“这个……,说起来多亏了黎远师兄。”
……那一日,陈文祺到酆家安排好任思疗伤的一切事宜,便偕同黎远潜入了鄂托克城。很快,他们就打听到阿巴海被贬以及河套三卫城防等情况。黎远在高兴之余,却发现陈文祺心思重重的样子,不禁好奇地问道:
“陈师弟,咱们已经完全探明了鞑靼人的情况,理应高兴才是啊,可你为何似有心事一般?”

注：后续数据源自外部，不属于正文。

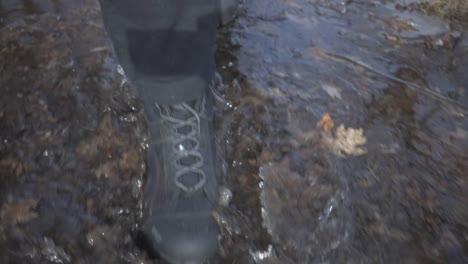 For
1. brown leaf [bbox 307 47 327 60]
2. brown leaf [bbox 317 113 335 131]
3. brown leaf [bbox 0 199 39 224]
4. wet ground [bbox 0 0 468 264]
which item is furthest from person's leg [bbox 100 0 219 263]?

“黎师兄有所不知,阿巴海被贬,说明小王子决不肯践约,要收复我大明疆土,来日免不了一战。可我中华最讲究仁至义尽,此去宁夏必定先礼后兵,要差人下书敦促阿巴海献城。想那蛮夷戎狄弃义倍信,我方出使之人性命多半难以保全。故此小弟苦苦思谋,必要想个两全之策才好。”
黎远道:“既然已经知道阿巴海不肯还城,那还讲究什么先礼后兵?直接攻城不就是了?”
陈文祺摇摇头,叹息道:“泱泱中华为礼仪之邦,岂能兴无名之师?”
“这……”黎远一时语塞,想了一会,又说道:“这还不容易?将信函绑在箭杆之上,用强弓射入敌城即可,何必派人下书?”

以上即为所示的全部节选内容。